Top of DATASET CONTENT

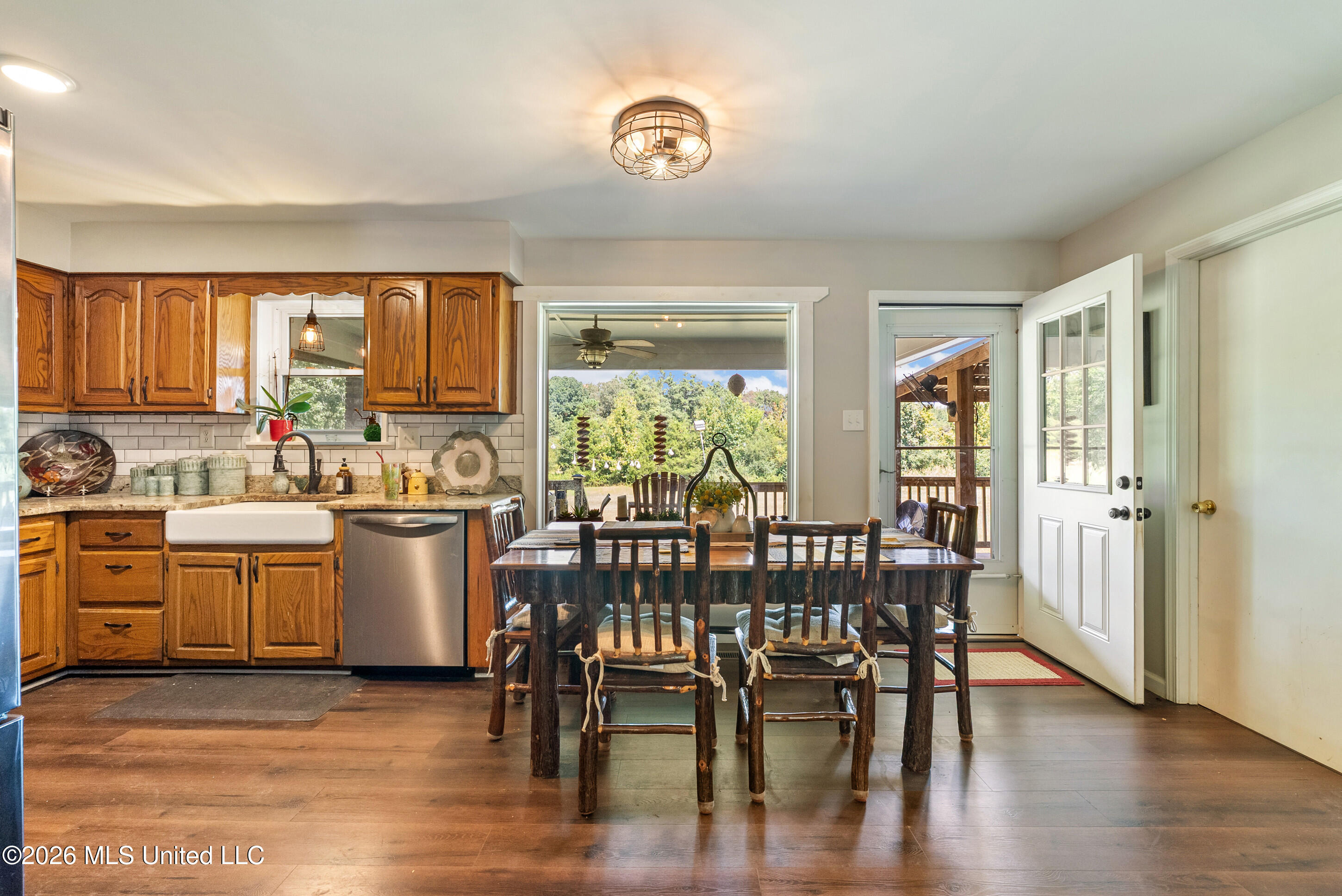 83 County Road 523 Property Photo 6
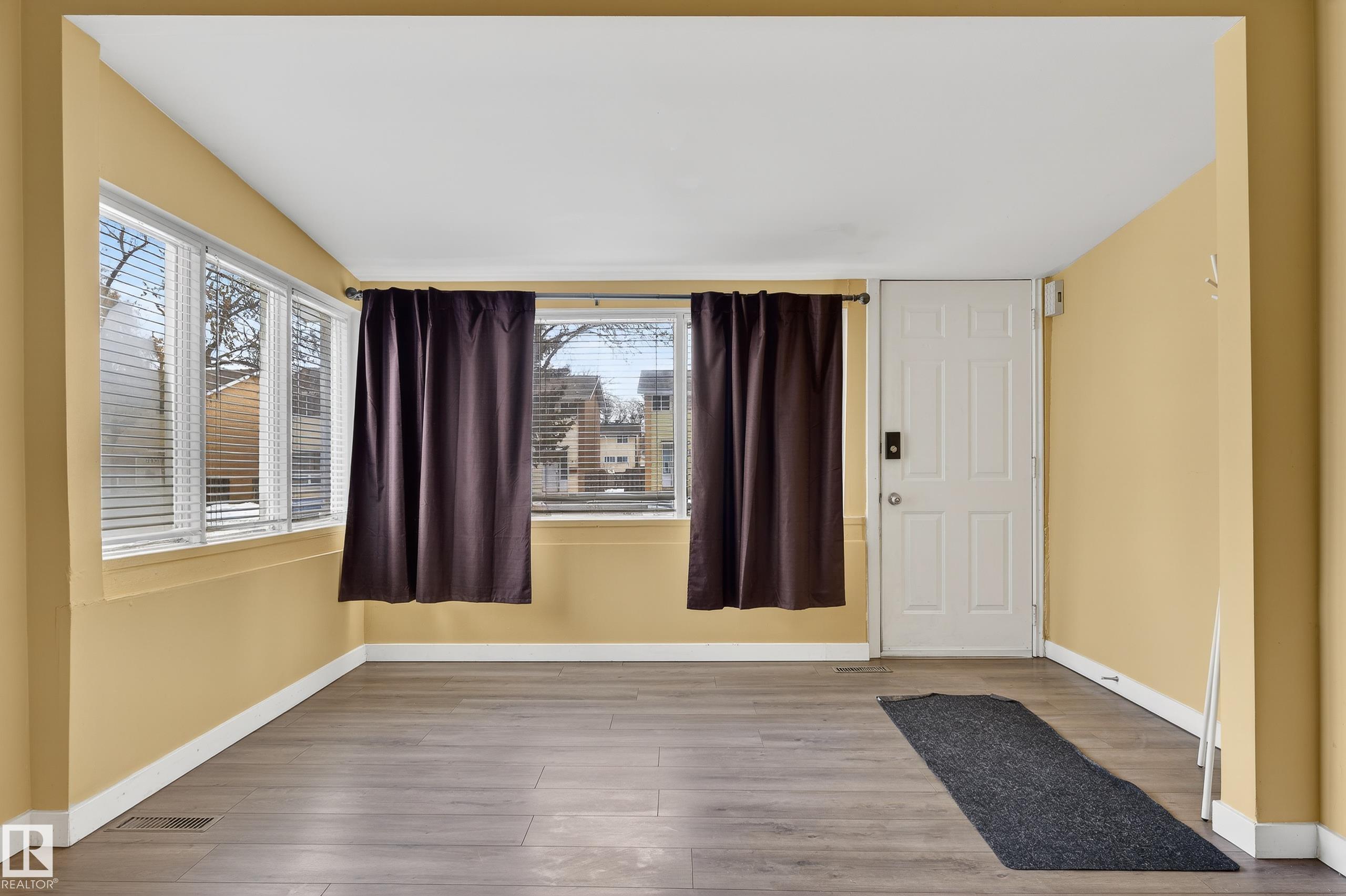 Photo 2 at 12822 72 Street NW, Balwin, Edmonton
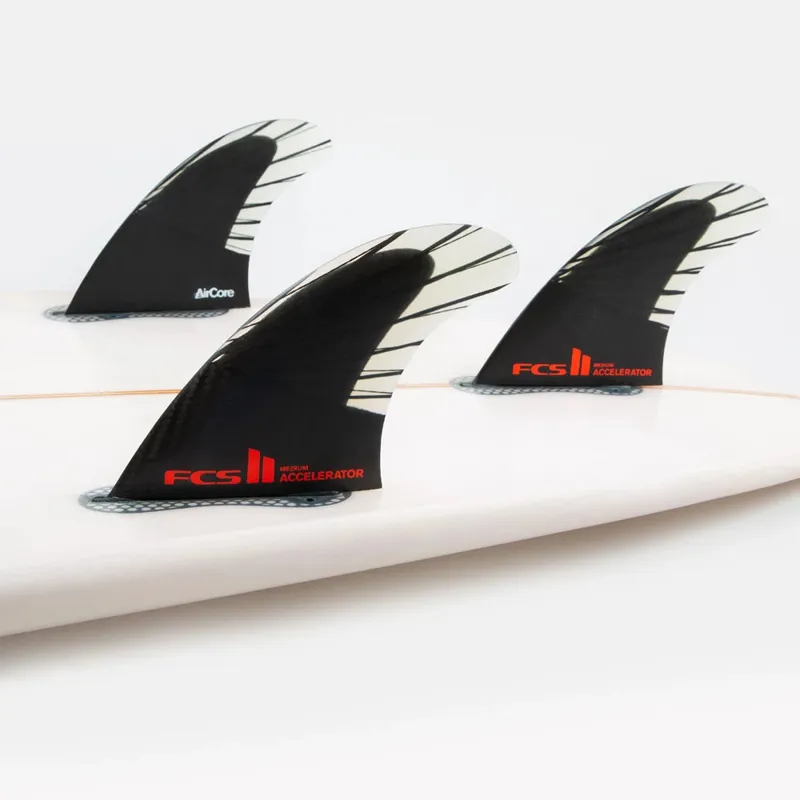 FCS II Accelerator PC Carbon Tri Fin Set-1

Bottom of DATASET CONTENT

- _TASK TO COMPLETE_
Omit the images; transcribe the listing verbatim.

- _COMPLETED EXERCISE_
 83 County Road 523 Property Photo 6
 Photo 2 at 12822 72 Street NW, Balwin, Edmonton
 FCS II Accelerator PC Carbon Tri Fin Set-1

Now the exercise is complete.